Combat is a satisfying mixture of puzzle and strategy. Excepting some save scumming in a few key battles against overwhelming odds, the most astonishing thing about the game is that it makes you want to take decisions—in and out of battle—not according to game logic but in accordance with the characters and their stories. I rarely wanted to go back and change things. In fact, the irreversible yet controlled transformations are an element I especially liked.

I was impressed by the art, too. I wish the characters were animated in action; I’d have liked to see that in this style. I’m not sure the varying order of panels in cutscenes is effective: it takes a moment to understand how to read every new page. I also noticed a strange bug where going in and out of fullscreen made the current cutscene start over.

It’s clever to have a number of campaigns with distinct styles. The Drauven campaign, for instance, might adhere to an obvious archetype, but it’s a heartfelt, tragic, and emotional story that I thoroughly enjoyed.
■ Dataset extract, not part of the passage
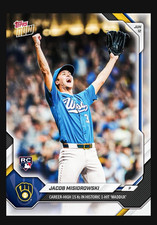 Jacob Misiorowski Rc 15 K 1 Hit Maddux 2026 Mlb Topps Now Card 325 Presale Jacob Misiorowski Rc 15 K 1 Hit Maddux 2026 Mlb Topps Now Card 325 Presale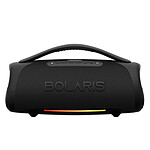 Avizar Enceinte Bluetooth 5.3 120W IPX7 5000mAh avec Effets Lumineux Modèle Malta Noir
I was sad to finish the last of the prefabricated campaigns, and though I’d been looking forward to trying the procedurally-generated ones, I realized it just wouldn’t be the same without an overarching story.

While the music isn’t very expansive, nor something I’d listen to in isolation, it’s an important part of establishing the ambience. Even today, I occasionally catch myself humming a particularly striking piece only identified as dungeon on an unfamiliar YouTube channel.